The latest financial reports from emerging markets-heavy managers, such as Ashmore Group PLC and Aberdeen Asset Management PLC, show drops in asset flows and, as a result, assets under management. Other managers, however, reported continued net inflows to emerging markets strategies, including Stone Harbor Investment Partners LP and J.P. Morgan Asset Management.
Ashmore's assets under management dropped 4.1% in the three months ended Dec. 31, to $75.3 billion, according to its second-quarter statement, published Jan. 14. Net outflows were $3.5 billion, compared with net inflows of $600 million in the quarter ended Sept. 30. Equities in particular suffered, with equity assets under management dropping 7% to $5.3 billion in the three months ended Dec. 31.
There was a similar story on Jan. 16 when Aberdeen released its interim management statement for the three months ended Dec. 31. The firm, which has a diversified investment offering but is known for its equities and emerging markets strategies, saw assets under management drop 3.4% to £193.6 billion ($320.6 billion), reflecting “continued negative investor sentiment towards Asia and emerging markets generally,” said Martin Gilbert, CEO of the London-based firm, in a conference call on Jan. 16.
“I'm not surprised that these assets under management have been coming down,” said Maarten-Jan Bakkum, The Hague, Netherlands-based senior emerging markets strategist at ING Investment Management. “If you are heavily overweight in emerging markets, you are struggling.” He said while emerging markets equities flows had been “OK” at ING, things “are going a bit better than expected” in emerging markets debt for the manager.
One senior executive at a U.K. money management firm, who asked not to be named, said it could be that Aberdeen is a “victim of its own success.” Last February, the manager announced that it was introducing a 2% initial charge on three emerging markets funds in an effort to stem inflows. The unnamed person said: “You can't generate net positive inflows if the fund is (soft) closed.” He also referred to First State Investments, another emerging markets-heavy manager, which closed its Global Emerging Market Leaders Fund to new investors in May 2013.

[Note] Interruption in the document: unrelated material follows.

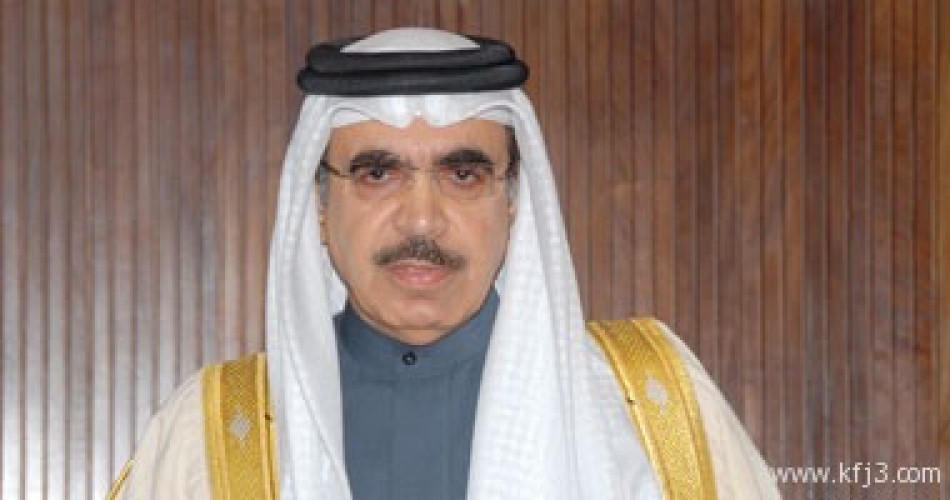 البحرين تعتقل ثمانية مواطنين بتهمة الانتماء إلى “خلية إرهابية”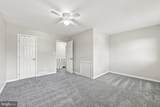 48 Oakmont Drive - Photo 22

As of April 2011, as many as half of all emerging markets equity managers had shuttered their strategies because of capacity concerns (Pensions & Investments, April 4, 2011).
Market movements have also been a drag on AUM. The MSCI Emerging Markets index returned -2.4% in U.S. dollar terms for 2013, compared with an 18.6% gain the year before. That compared with the MSCI World index, which gained 27.4% in 2013, up from 16.5% in 2012.
“Emerging market equities started to underperform in October 2010, so it was already a difficult environment,” Mr. Bakkum added. “2013 was a particularly bad year, and also the year where a lot of investors got a wake-up call. In other words, emerging market funds lost capital in both equities and debt.”